When I bought mine, it was suggested that I not have them heat-molded. The guy said that my foot would heat-mold them itself, and if I heat molded them, it would pack out more than I wanted. Don't know if that's true, but my heat-molded Burton's packed out too much and I got heel lift even with the J bars in...

So, I didn't heat-mold my Zoom Force 1s. They are definitely tight, but I wear them around the house sometimes. I'm just going to let riding mold them. I don't want to have to buy another pair of boots next season because they packed out too much and my tiny little ankles slip out.


----------



## MistahTaki (Apr 24, 2010)

StarCommand said:


> When I bought mine, it was suggested that I not have them heat-molded. The guy said that my foot would heat-mold them itself, and if I heat molded them, it would pack out more than I wanted. Don't know if that's true, but my heat-molded Burton's packed out too much and I got heel lift even with the J bars in...
> 
> So, I didn't heat-mold my Zoom Force 1s. They are definitely tight, but I wear them around the house sometimes. I'm just going to let riding mold them. I don't want to have to buy another pair of boots next season because they packed out too much and my tiny little ankles slip out.
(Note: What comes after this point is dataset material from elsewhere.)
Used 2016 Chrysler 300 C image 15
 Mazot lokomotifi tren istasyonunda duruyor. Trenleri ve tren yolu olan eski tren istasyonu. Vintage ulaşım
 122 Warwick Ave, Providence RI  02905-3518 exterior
remold them? does that work?

in my case i want them a little tighter. that's why im going to get them heat molded. If it's already snug around your whole foot i think you should just let it break in its self.


----------



## StarCommand (Dec 21, 2010)

I don't know about re-molding... The Burton boots are a thing of the past now that I've slipped on the Nike's. Can't go back to those things now. The Nike's are too squooshy and comfty.

I don't mind that they are a little tight. My toes get a little numb and cold after a couple hours, but at least it will bring me in for a break so I don't forget to eat.


----------



## MistahTaki (Apr 24, 2010)

Actually, I don;t know if i really want to now that i think of it. i've already worn them a bit and they smell bad


----------



## StarCommand (Dec 21, 2010)

I don't see how heating them up could make the smell any worse... Wait...


----------



## Leo (Nov 24, 2009)

I never heat molded any of my boots. I always let it naturally mold around my feet. Works like a charm 

I think of it this way... in the food world, slow cooking nets you great tasting food compared to the same dish fast cooked.

I don't know if that analogy works here, but I still like it :cheeky4:

I always buy boots that fit me snugly out of the box. somewhere between uncomfortable and just right. Certainly not circulation cutting. One thing is for sure, boots definitely shouldn't be super comfortable out of the box. My hails did come close though


----------



## MistahTaki (Apr 24, 2010)

Leo said:


> I never heat molded any of my boots. I always let it naturally mold around my feet. Works like a charm
> 
> I think of it this way... in the food world, slow cooking nets you great tasting food compared to the same dish fast cooked.
> 
> ...


would just wearing them make the foam expand in areas that aren;t as snug?


----------